→ **WORK REQUIRED**: Retype nothing except the lines below from the one with "Today we are" through the one with "Here you can see at", exactly, with images left out.

[[ DATA FOR ANALYSIS, beginning ]]

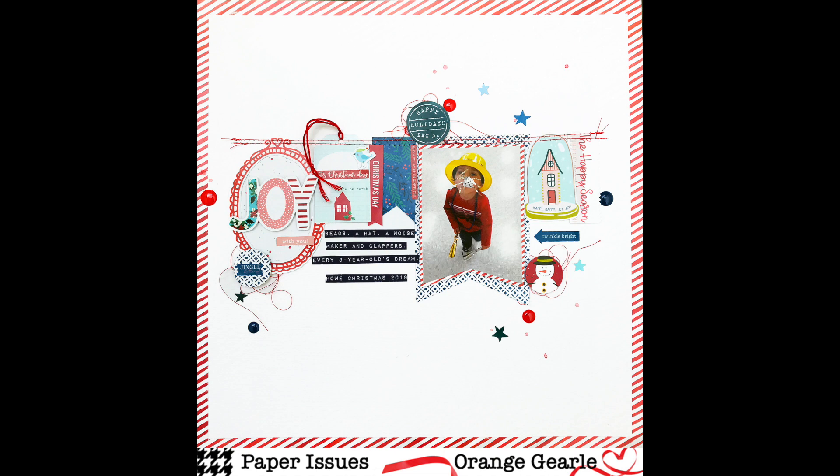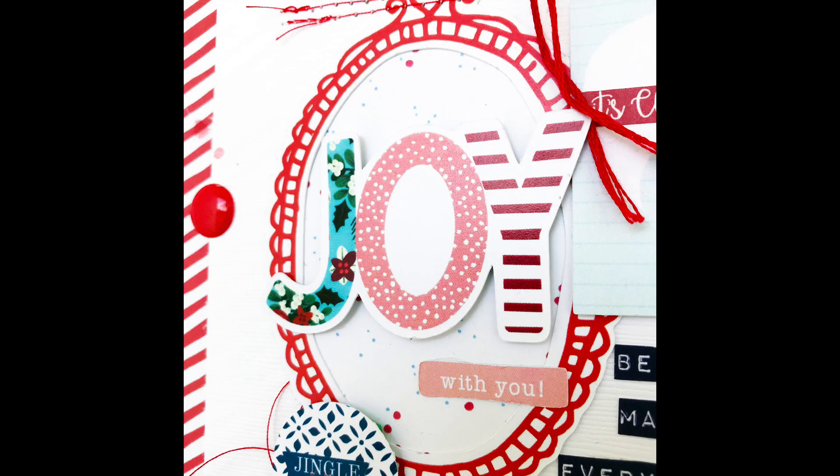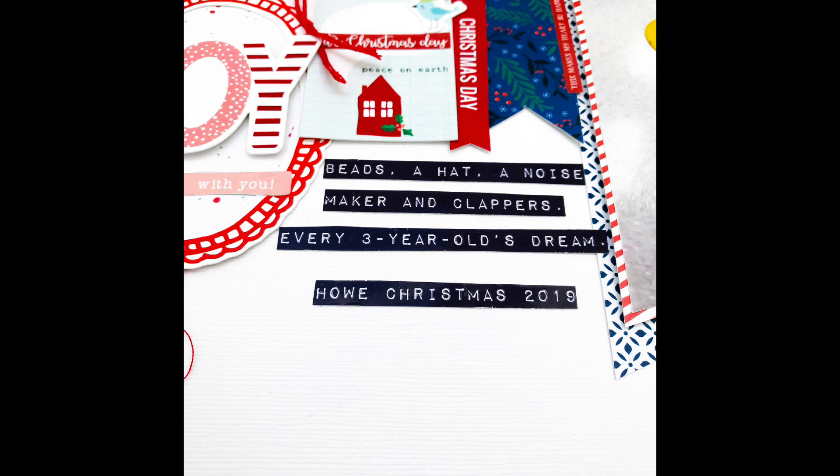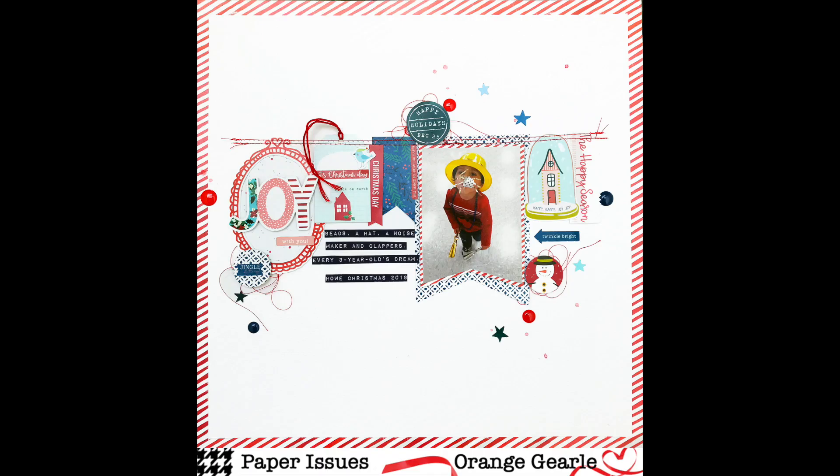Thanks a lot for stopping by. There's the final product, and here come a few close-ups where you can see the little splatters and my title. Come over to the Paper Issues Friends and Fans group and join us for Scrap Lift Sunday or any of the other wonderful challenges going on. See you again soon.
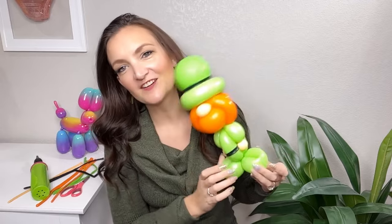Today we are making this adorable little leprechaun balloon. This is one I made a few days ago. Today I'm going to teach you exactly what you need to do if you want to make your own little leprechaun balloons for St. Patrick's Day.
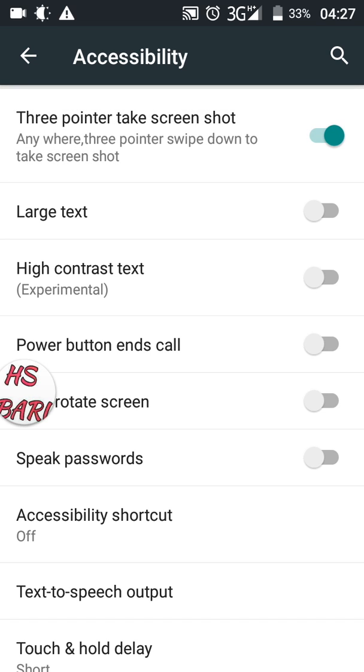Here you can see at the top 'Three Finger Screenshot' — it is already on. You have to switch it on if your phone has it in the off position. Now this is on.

[[ DATA FOR ANALYSIS, end ]]
[[ DATA FOR ANALYSIS, beginning ]]

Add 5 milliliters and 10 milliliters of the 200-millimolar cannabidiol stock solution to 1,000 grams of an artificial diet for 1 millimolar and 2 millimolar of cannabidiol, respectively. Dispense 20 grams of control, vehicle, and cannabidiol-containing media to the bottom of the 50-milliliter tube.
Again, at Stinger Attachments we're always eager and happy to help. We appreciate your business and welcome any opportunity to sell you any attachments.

[[ DATA FOR ANALYSIS, end ]]

→ **RESPONSE FOR THIS EXERCISE**:
Today we are making this adorable little leprechaun balloon. This is one I made a few days ago. Today I'm going to teach you exactly what you need to do if you want to make your own little leprechaun balloons for St. Patrick's Day.
Here you can see at the top 'Three Finger Screenshot' — it is already on. You have to switch it on if your phone has it in the off position. Now this is on.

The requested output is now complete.